Three technology teachers — Aaron Bennett, Jeff Gress, and Todd Wolford  — spent two weeks at the Rochester Institute of Technology this past summer as part of Project Lead the Way. They gave a presentation on their experience to the district’s school board Monday night.

The presentation was summed up in an eight-minute video which showcased the group’s work during the two-week period. That work, according to the teachers, is an example of what type of projects students who take their class this year can expect. That class, offered new this year, is Intro to Engineering Design.

According to the teachers, students who take the class will be exposed to the complete engineering design process. That process includes, but is not limited to, research, analysis, teamwork, communication methods, meeting standards, and technical documentation.
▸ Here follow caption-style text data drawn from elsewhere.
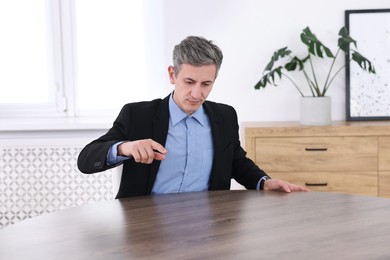 Photo of Man pointing at something on desk in office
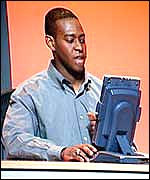 A Microsoft employee working on one of the company's tablet PCs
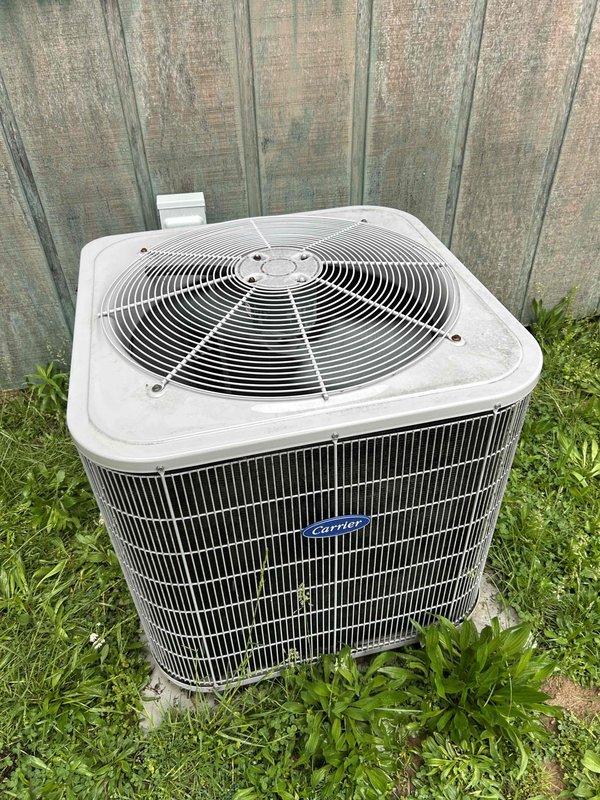 Completed basic monthly cooling maintenance on Carrier split system. Inspected outdoor condenser unit, verified fan operation and coil condition. Inspected indoor air handler unit in utility space, noted evidence of moisture accumulation on equipment surfaces and surrounding concrete floor indicating potential condensate drainage concerns that will require monitoring.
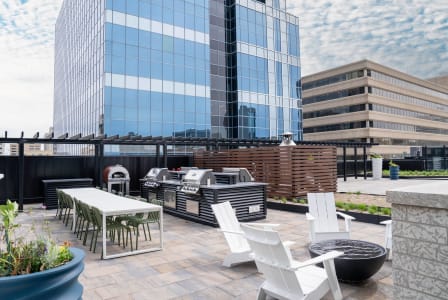 a patio with a table and chairs and a grill on a roof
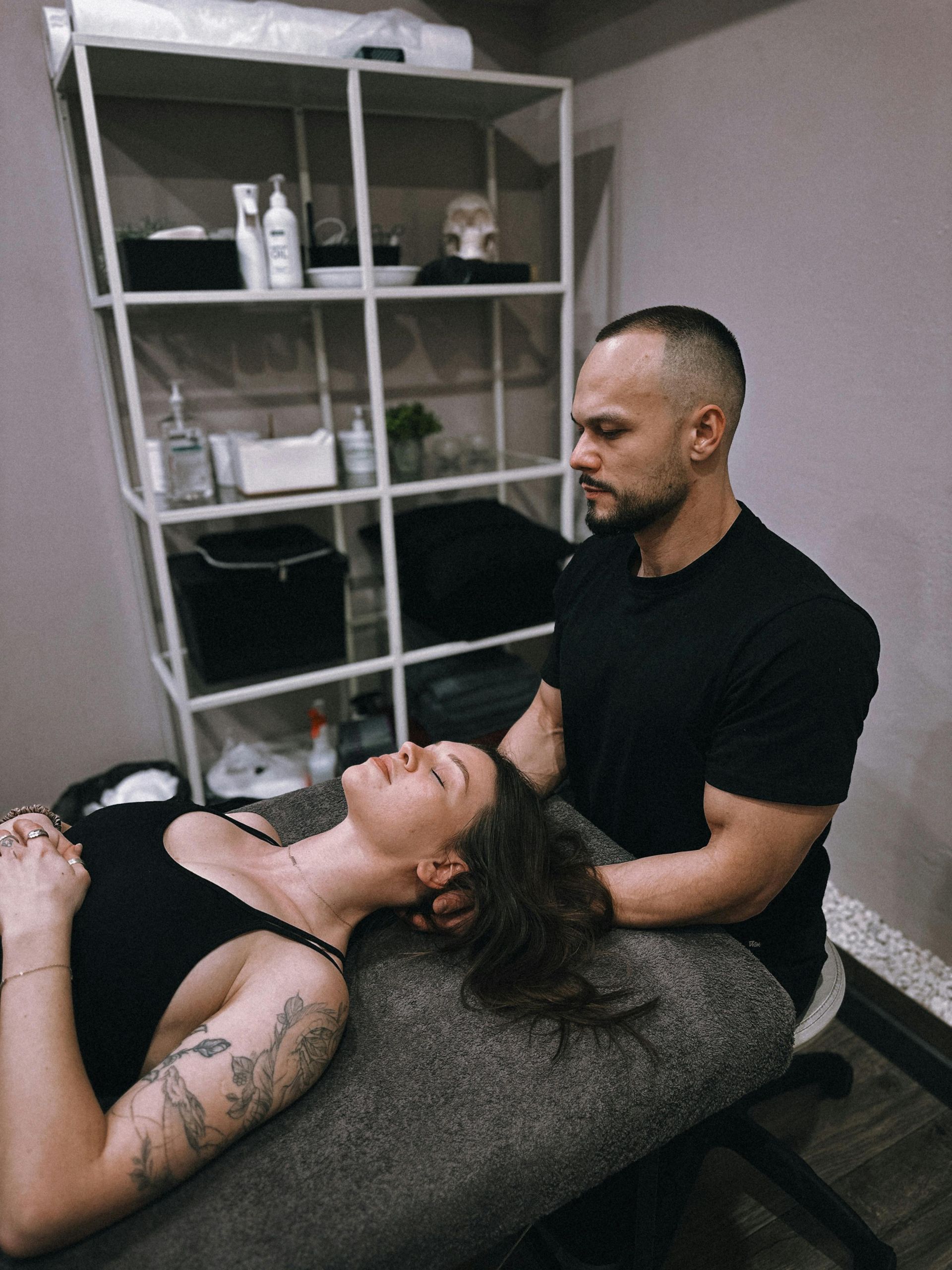 A man is giving a woman a chiropractic adjustment on a table.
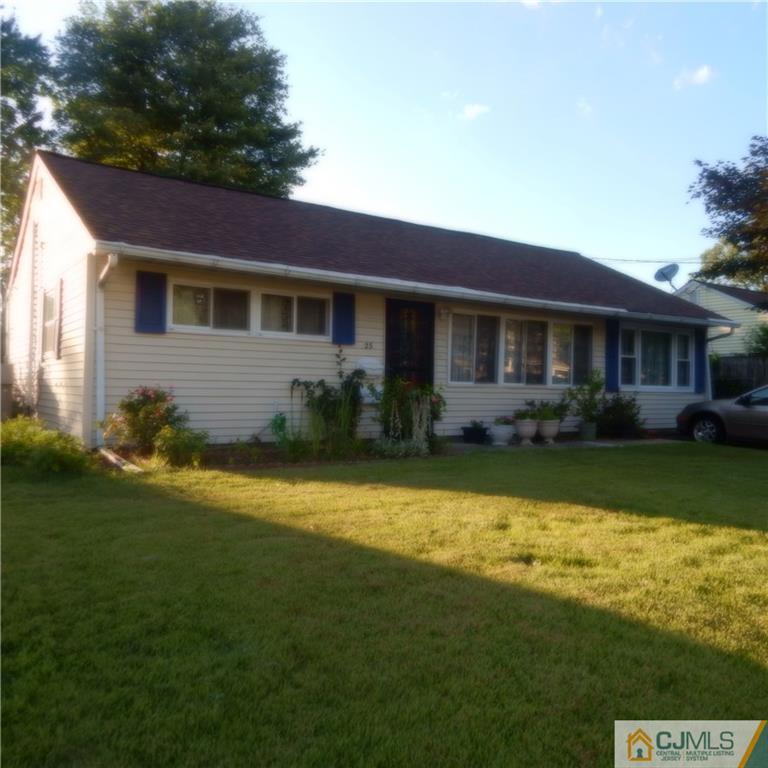 23 Idlewild Road Edison, NJ 08817 - Photo 1 of 19 a front view of a house with swimming pool having outdoor seating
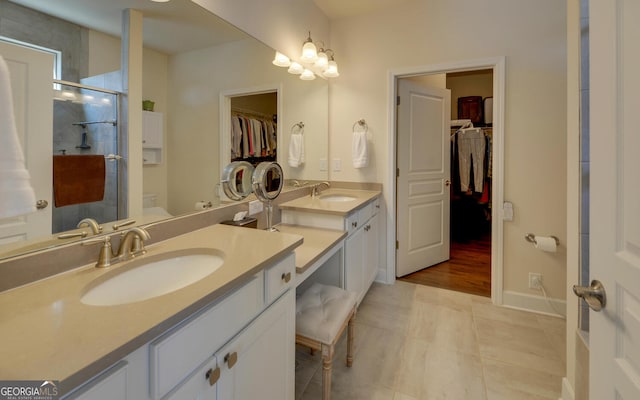 bathroom featuring a shower with door, vanity, toilet, and tile patterned flooring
All of these aspects help students develop their skills in a problem-based learning environment.

As an added bonus, so long as a student passes the course and pays for it, the credit from it could be transferred to RIT should said student matriculate there.

Board President Ed Urbanik said a technology program such as the one presented is a major feather in the cap for Lyndonville. He said his college-aged son told him some of his classes in school have not featured some of the technology that he was exposed to as a high schooler in Lyndonville.

In other board happenings, Superintendent Jason Smith praised the work of the entire district during the first few days of school. With so many changes entering the year, such as the move to a single bus run and the closure of the elementary school, Smith said the opening week went smoothly. Anything that was determined to not work was altered and fixed in a timely fashion and students and faculty seem to be adjusting well to all the changes, he said.